La nuit se passa très paisiblement, et, le lendemain, Rosalie retrouva ses couverts là où elle les avait mis. Au point du jour, je me promenais dans le jardin avec Monseigneur. Il tenait à la main le journal qui rappelait les magnifiques états de service de son frère, le général de division : — « Ah ! me disait-il en souriant avec un peu de tristesse, je serais trop fier de mon cher Sextius, s’il était un peu plus… un peu plus catholique !… Mais voilà ! ce diable d’homme — pardon ! ce grand homme les a tous ensorcelés… L’Empereur est un Dieu pour mon frère, et ce Dieu les empêche de songer au véritable !… »

Notre promenade nous avait ramenés sous la fenêtre de la chambre d’ami où le galérien venait de dormir sous le même toit que l’évêque. Monseigneur, levant les yeux dans la direction de cette fenêtre, me dit avec une expression d’affectueuse inquiétude :

— L’abbé ! qu’allons-nous faire de ce pauvre garçon ?…

II

En ce moment, la fenêtre s’ouvrit. Le soleil se levait à peine : la pureté du ciel promettait une de ces belles journées d’automne qui ont le charme d’un souvenir et la mélancolie d’un adieu. Une légère brume, transparente comme de la gaze, se dissipait peu à peu au souffle d’un vent d’est, dont les tièdes bouffées glissaient à travers les touffes des plantes grimpantes et nous apportaient le parfum des lentisques et des romarins de la montagne voisine. Vous comprenez ce que devaient être ces premières gorgées d’air frais et salubre pour les poumons de ce misérable qui n’avait échangé la lourde atmosphère du bagne que contre la poussière de la route, les étreintes de la faim et les fatigues de la marche. Pierre parut un instant à la fenêtre. Sa large poitrine se souleva comme pour aspirer, à elle seule, tout cet air vivifiant qui lui rappelait les belles matinées de son innocente jeunesse et les scènes de sa vie rustique. Il nous aperçut, nous salua, les yeux fixés sur l’évêque avec une ineffable expression de gratitude, d’admiration, de respect, d’amour et d’humilité.
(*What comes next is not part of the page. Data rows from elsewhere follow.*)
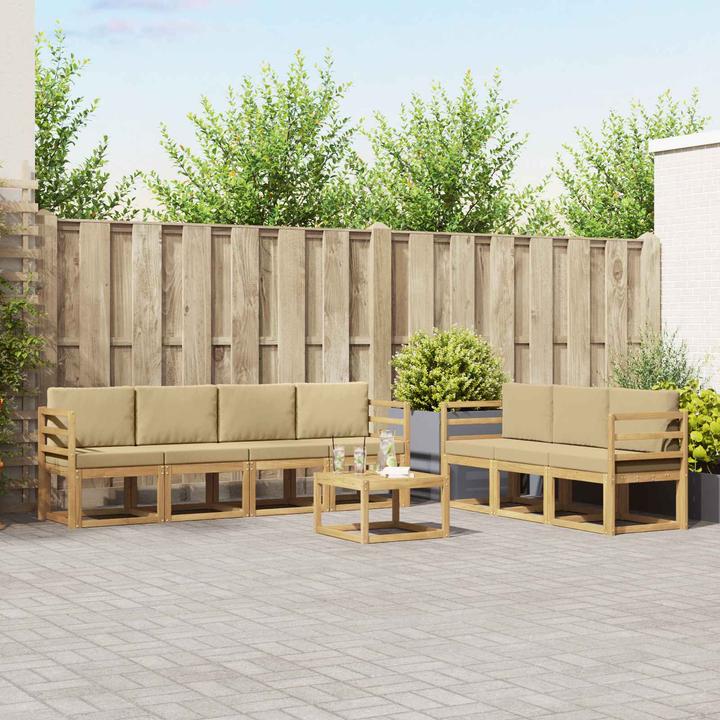 Produktbild vidaXL Outdoor-Sofa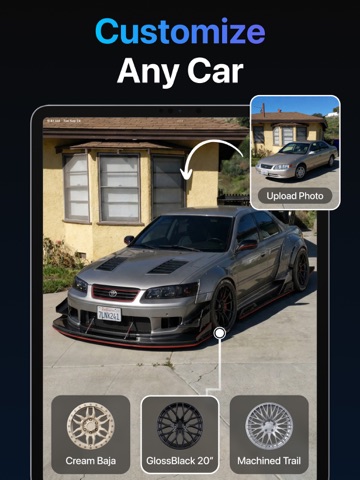 Modyfy: AI Car Designer iPad screenshot 2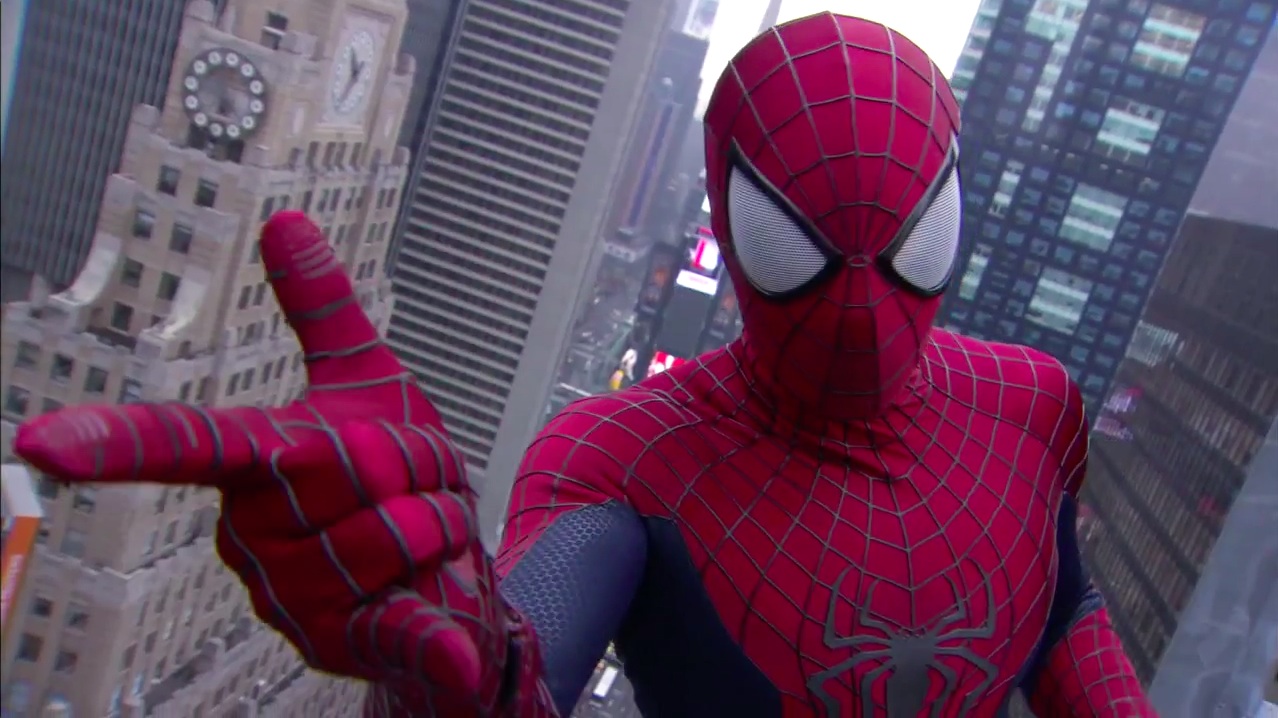 The Amazing Spider-Man, via Sony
Mais son humilité n’était déjà plus de la bassesse : son étonnement n’était plus de la stupeur. Une bonne nuit dans des draps bien blancs, quelques heures d’un sommeil paisible, l’indéfinissable influence d’une maison habitée par un saint, ces sensations si nouvelles pour lui d’un accueil cordial après tant de rebuffades, d’un sourire d’évêque après le bâton des garde-chiourmes, tout contribuait à opérer chez ce jeune homme, plus enténébré que perverti, un commencement de régénération morale dont il n’avait pas conscience, mais qui se traduisait déjà dans son regard, dans son attitude et sur sa figure.

— Vraiment, on croirait que ce n’est plus le même homme ! dis-je à Monseigneur.

Mgr Miollis fit un signe à Pierre, qui descendit à la hâte et vint nous rejoindre. — Pardon ! pardon ! murmura-t-il. Rosalie m’a dit que vous étiez l’évêque... je ne savais pas, moi !... Que de bontés pour un...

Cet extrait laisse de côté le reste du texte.